After the Nazis occupied the Netherlands, Belinfante—though she was half-Jewish herself—stayed in the country and became a Resistance activist, making forged identity documents for fleeing Jews. She disguised herself as a man to hide from the Nazis. She once even passed her own mother on the street, who failed to recognize her. “I really looked pretty good,” Belinfante later said of her handsome camouflage.
Belinfante was a member of the CKC, a small group of mostly LGBTQ activists in the Dutch Resistance. As an out lesbian herself, she fit right in. In 1943, the CKC bombed a records office, destroying hundreds of documents showing where Jews lived so that the Nazis couldn’t find them.
Later in the war, after many in the CKC had been captured and executed, Belinfante escaped the Netherlands. She and a Jewish man named Tony traveled by foot across four countries in deep snow from December 1944 to February 1945, traversing the freezing Alps with no jacket. They hiked from 9 a.m. every morning to 10 p.m. every night. When Tony told Belinfante he was exhausted, she replied: “There is no stopping in the snow. We have to walk until we stop somewhere in Switzerland.” Once, they had to strip naked to wade through a river of icy water that came up to their necks, bundling their clothes over their heads so they’d remain dry. A Swiss doctor later told her that the journey was so strenuous, she could have lost her legs if she had gone on much longer [PDF].
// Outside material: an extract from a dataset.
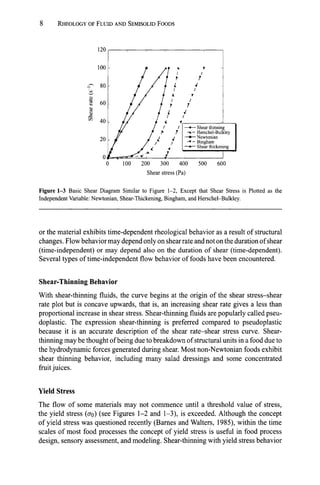 Rheology Of Fluid And Semisolid Foods Principles And Applications Food ...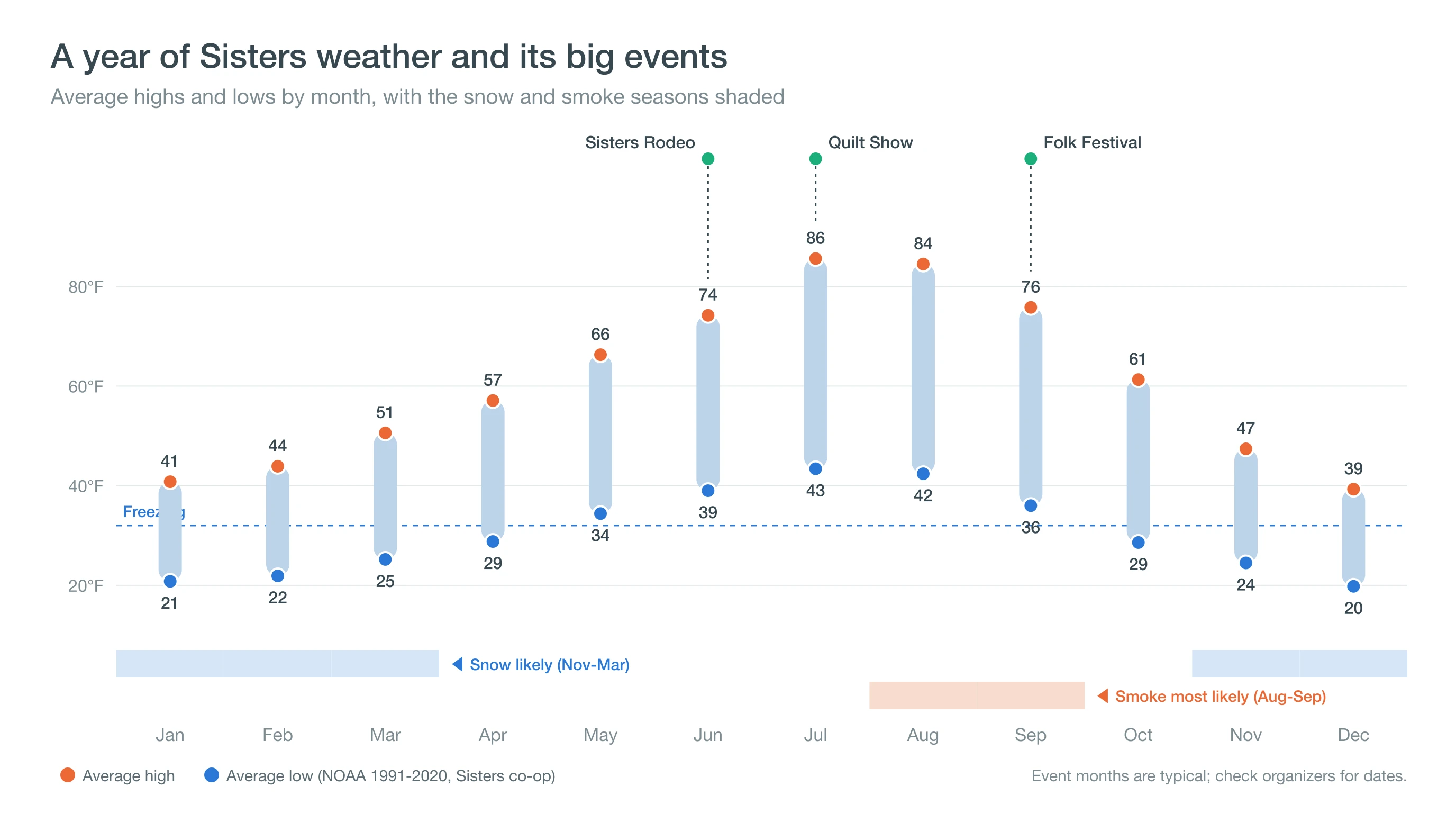 Calendar of Sisters average highs and lows by month with rodeo, quilt show and folk festival marked and the snow and smoke seasons shaded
Upon crossing the border, Belinfante and Tony were arrested and interrogated by the Swiss. She answered truthfully that her companion was not her husband, but she didn’t know the gravity behind this statement. Because so many people were fleeing to Switzerland, the government had begun limiting immigration by no longer accepting single men as refugees. Belinfante’s answer sent Tony back to the Netherlands, where he was killed. That knowledge haunted her to the end of her life, but she did go on to find moments of joy.
Coming Alive Again
While in the Swiss refugee camp, Belinfante got ahold of a cello, even performing a concert with a visiting couple that had a violin and viola. Decades later, she told a historian that after playing music, “I started to come alive again, because I had felt that I wasn’t even alive.” Unfortunately, the gossip of homophobic refugees in the camp soured her musical experiences there [PDF].
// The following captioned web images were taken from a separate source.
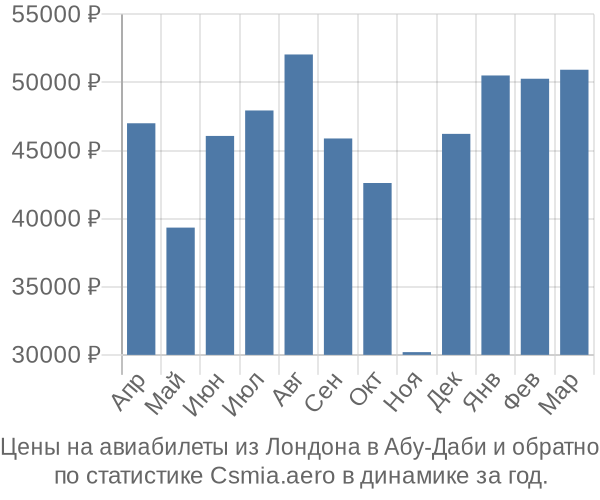 Авиабилеты из Лондона в Абу-Даби цены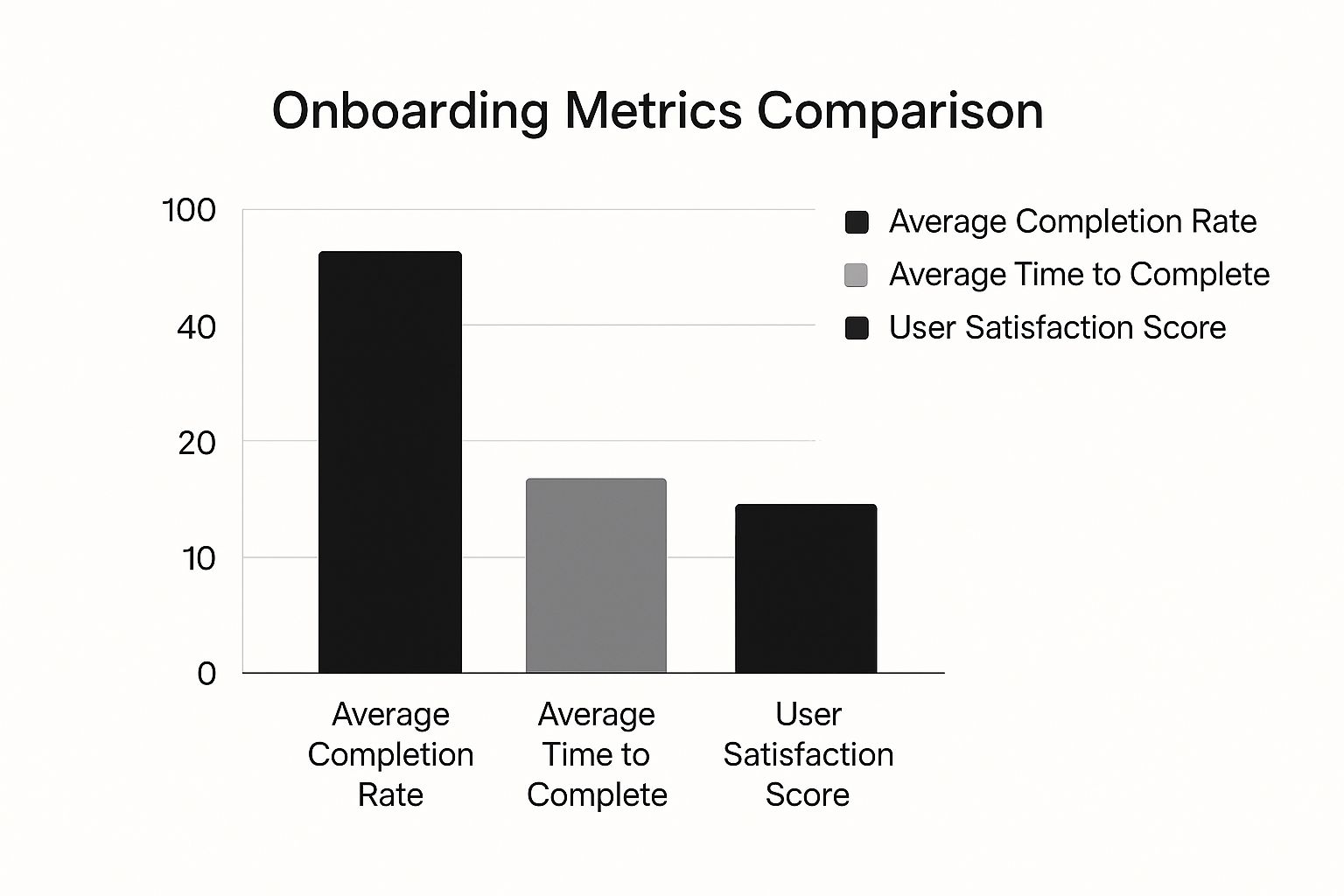 User designing an onboarding flow on a digital interface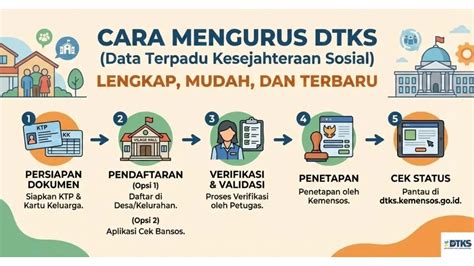 Panduan Mengurus DTKS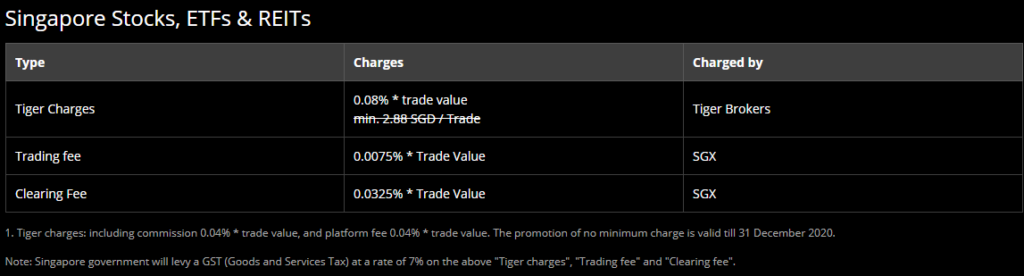 tiger brokers review (commission charges)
In 1948, Belinfante immigrated to the United States, trading the dark and icy winter of her past for a fresh start in sunny Laguna Beach, California. A decade after the start of her career as a conductor, she picked it back up again and led the Orange County Philharmonic. But while she had survived extreme discrimination in Europe, sexism took music from her again in 1962: The Philharmonic pushed her out because they felt a male in her place would raise the orchestra's profile.
Despite the professional disappointment, Belinfante lived to see Orange County designate February 19 as “Frieda Belinfante Day” to honor her contributions to the arts. In 1991, she moved to New Mexico, where she spent her final days. She told the Los Angeles Times, “I should be born again. I could have done more.”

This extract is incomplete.